**EXERCISE DESCRIPTION:** Exactly the lines below from the line with "Damenmode Lässiges Rundhals Langarmkleid" through the line with "Modern 3 Seater" must make up the answer, both ends included and pictures left out.

**MATERIAL PROVIDED:**
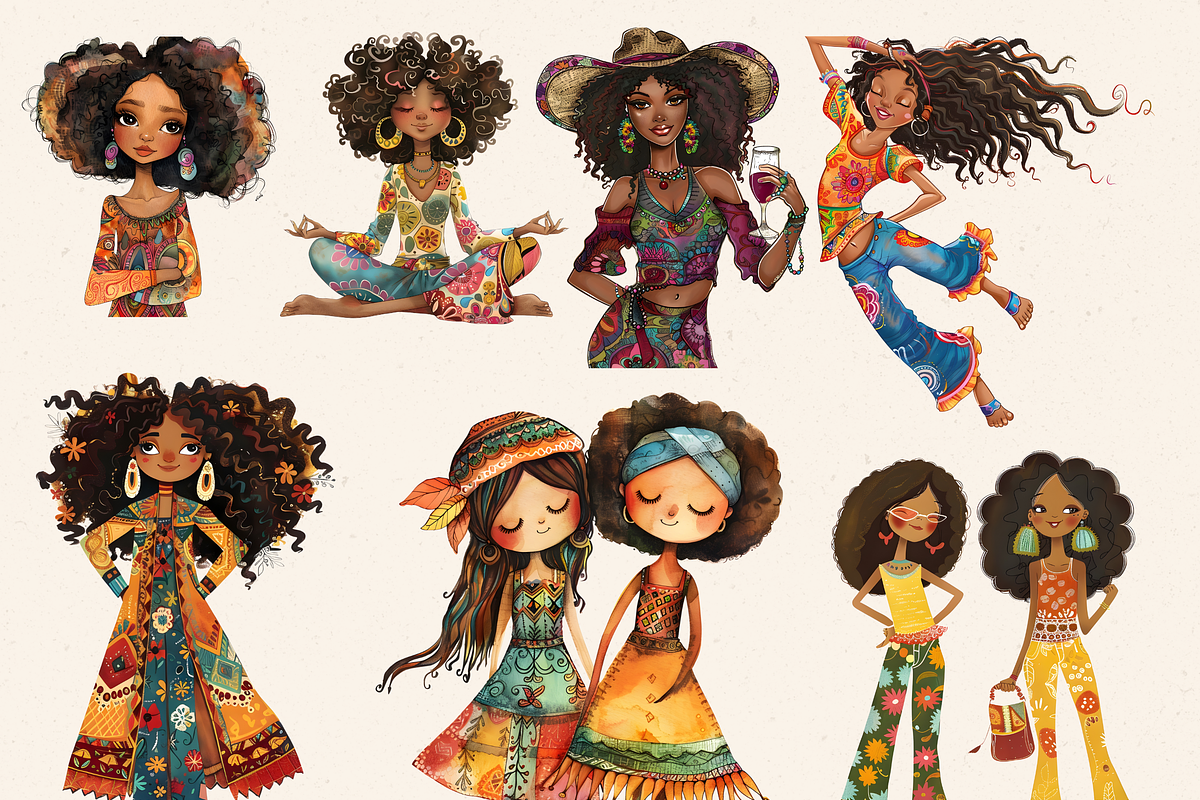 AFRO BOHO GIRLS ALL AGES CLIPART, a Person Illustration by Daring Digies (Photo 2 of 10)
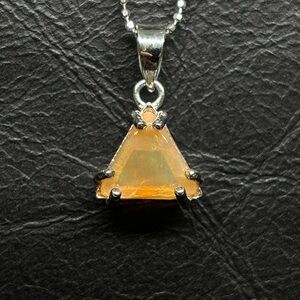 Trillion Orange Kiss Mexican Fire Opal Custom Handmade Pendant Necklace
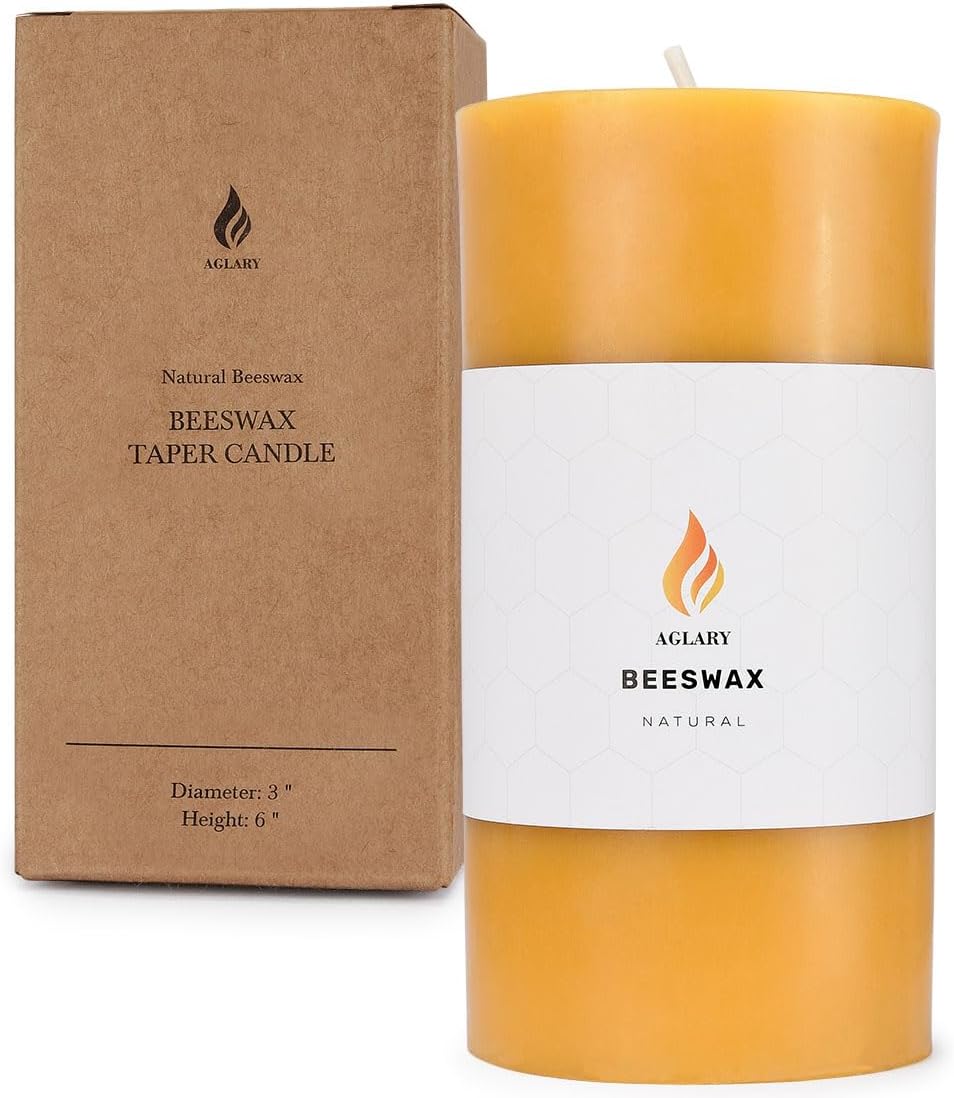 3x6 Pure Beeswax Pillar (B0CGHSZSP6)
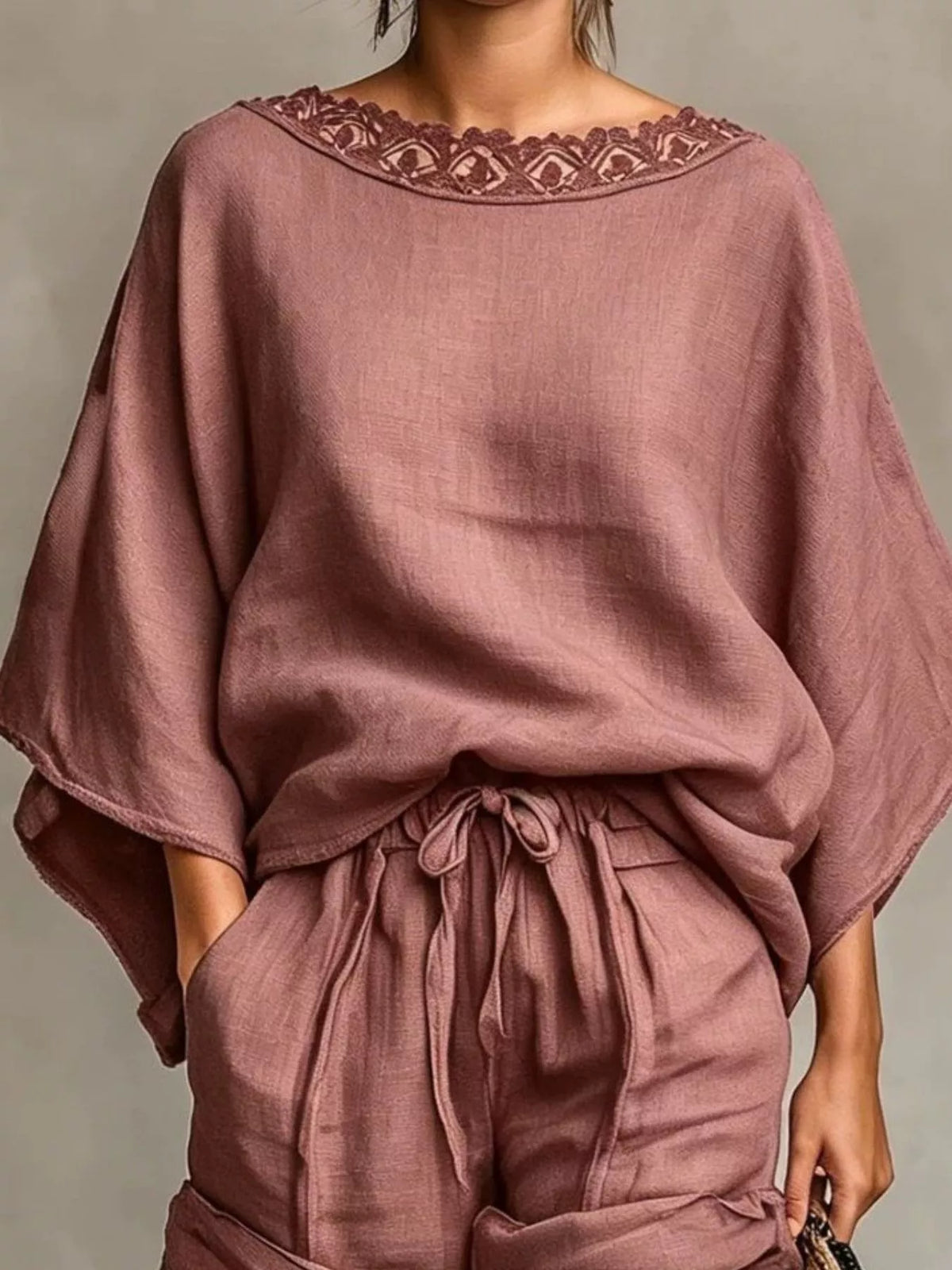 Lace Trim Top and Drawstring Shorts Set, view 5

==

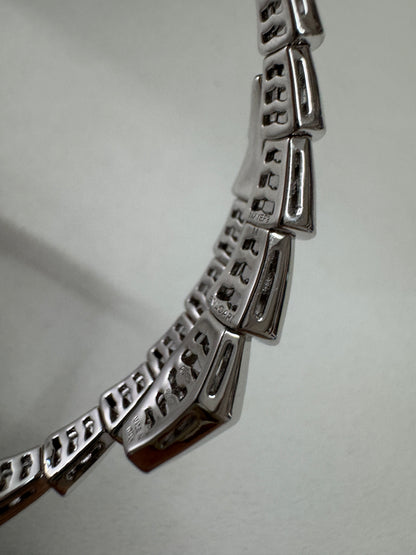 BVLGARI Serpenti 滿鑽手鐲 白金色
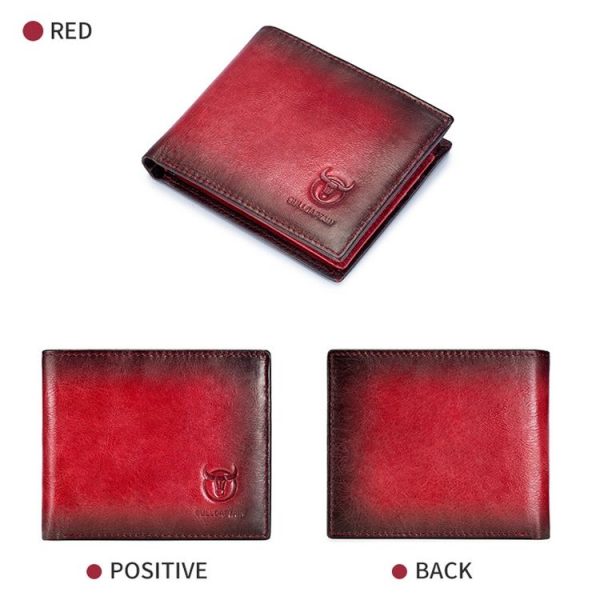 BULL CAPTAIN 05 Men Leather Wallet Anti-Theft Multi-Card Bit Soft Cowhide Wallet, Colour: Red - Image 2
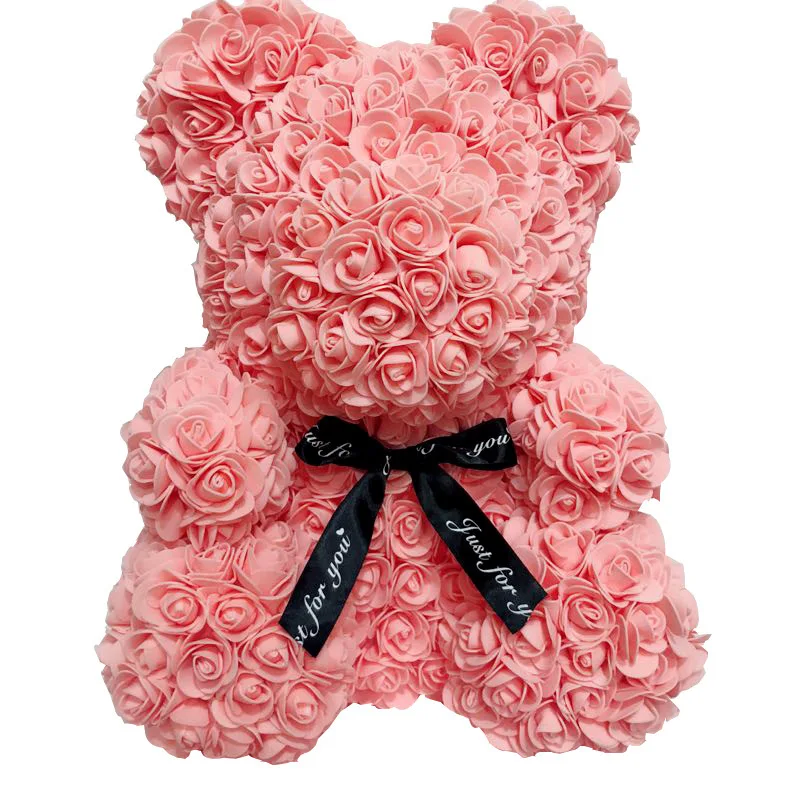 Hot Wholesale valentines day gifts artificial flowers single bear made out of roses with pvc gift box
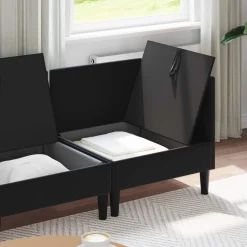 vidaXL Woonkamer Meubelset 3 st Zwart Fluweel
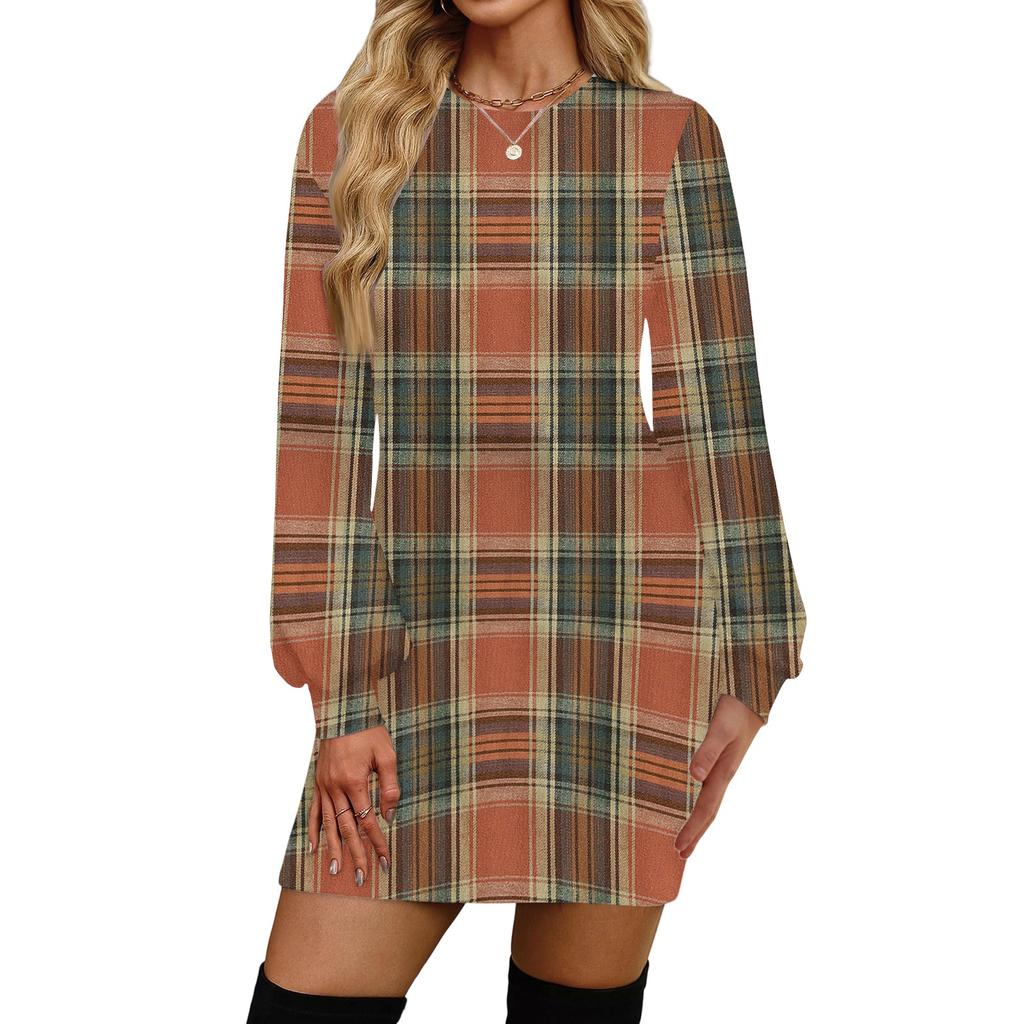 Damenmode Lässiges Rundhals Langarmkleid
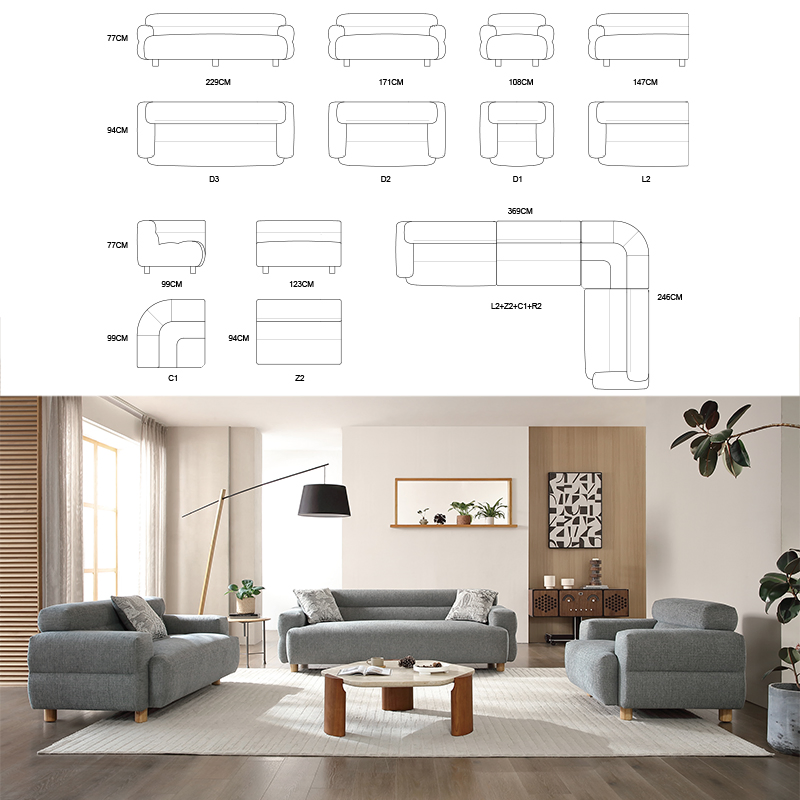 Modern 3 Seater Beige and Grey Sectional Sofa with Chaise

**RESULT OF THE TASK:**
 Damenmode Lässiges Rundhals Langarmkleid
 Modern 3 Seater Beige and Grey Sectional Sofa with Chaise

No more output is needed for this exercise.